Prompt
Without the pictures, write the listing below out again, line for line.

[Provided data — start]

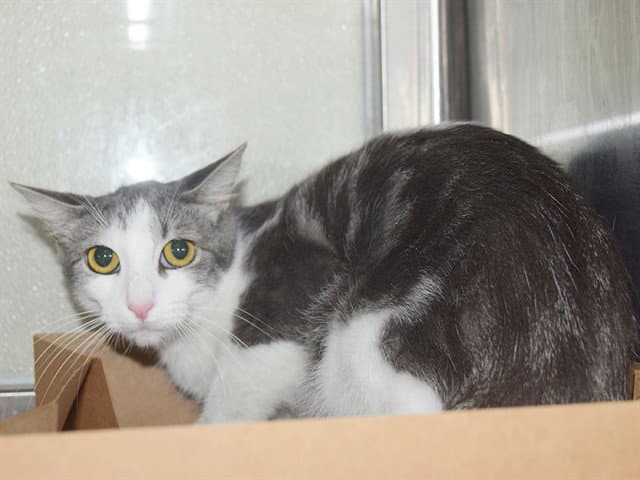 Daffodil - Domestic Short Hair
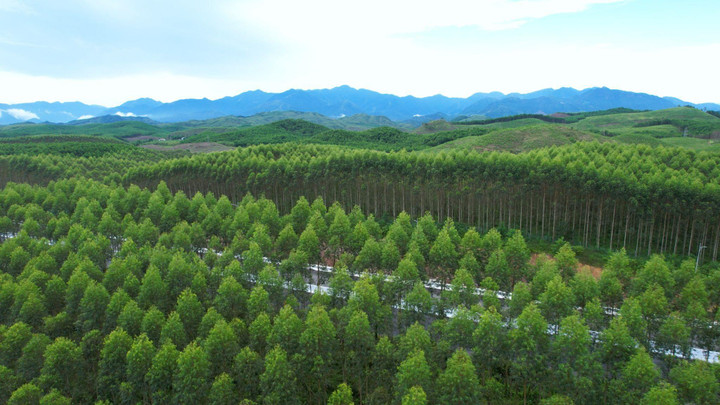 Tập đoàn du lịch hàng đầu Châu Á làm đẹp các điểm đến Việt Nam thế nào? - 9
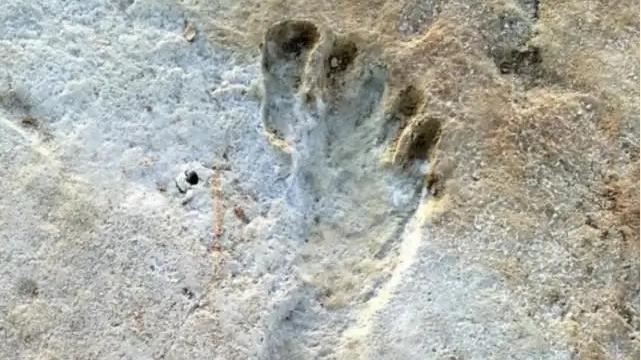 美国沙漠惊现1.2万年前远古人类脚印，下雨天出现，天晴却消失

[Provided data — finish]

Answer to this problem
 Daffodil - Domestic Short Hair
 Tập đoàn du lịch hàng đầu Châu Á làm đẹp các điểm đến Việt Nam thế nào? - 9
 美国沙漠惊现1.2万年前远古人类脚印，下雨天出现，天晴却消失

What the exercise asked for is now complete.